Task: Leave out the pictures and output the data verbatim.

Raw data:
◇ ◇ ◇ ◇ ◇ ◇ ◇

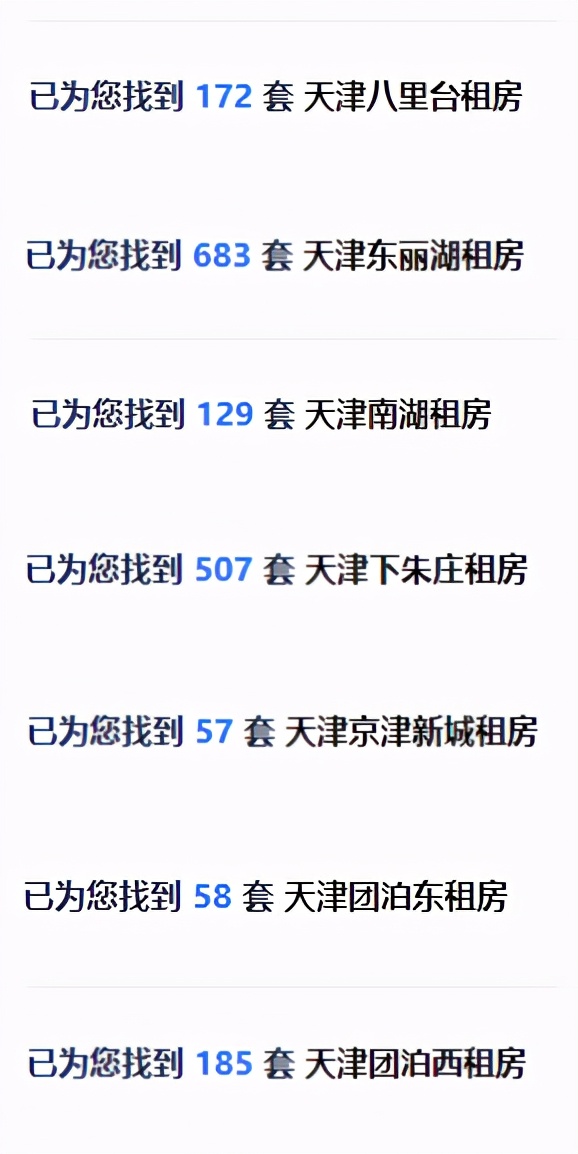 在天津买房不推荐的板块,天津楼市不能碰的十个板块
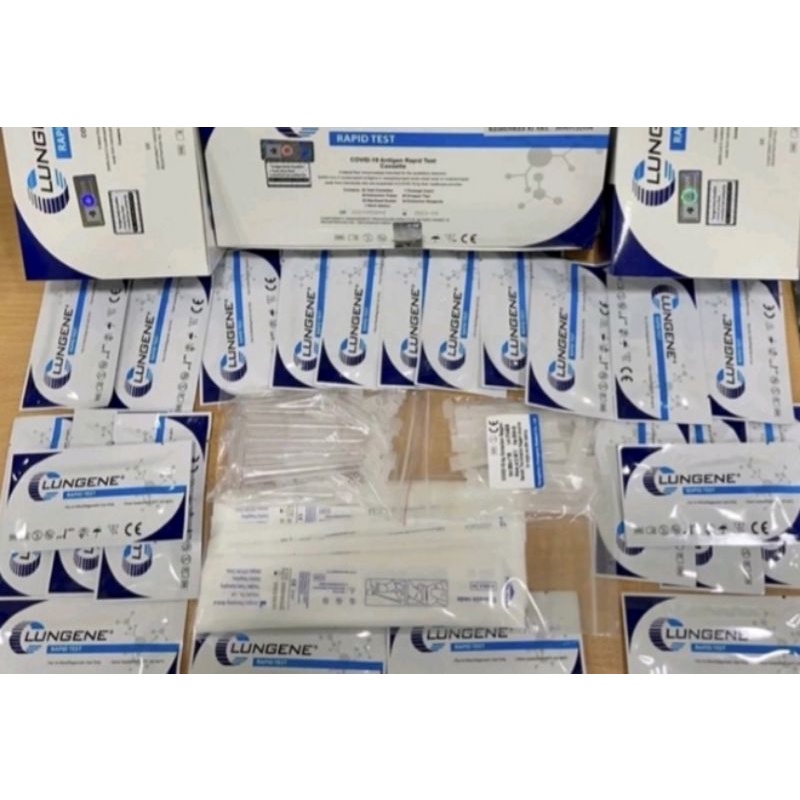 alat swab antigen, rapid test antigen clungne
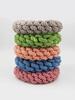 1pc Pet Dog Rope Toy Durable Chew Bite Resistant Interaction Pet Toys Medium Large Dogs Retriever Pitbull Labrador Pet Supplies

◇ ◇ ◇ ◇ ◇ ◇ ◇

Problem solution:
 在天津买房不推荐的板块,天津楼市不能碰的十个板块
 alat swab antigen, rapid test antigen clungne
 1pc Pet Dog Rope Toy Durable Chew Bite Resistant Interaction Pet Toys Medium Large Dogs Retriever Pitbull Labrador Pet Supplies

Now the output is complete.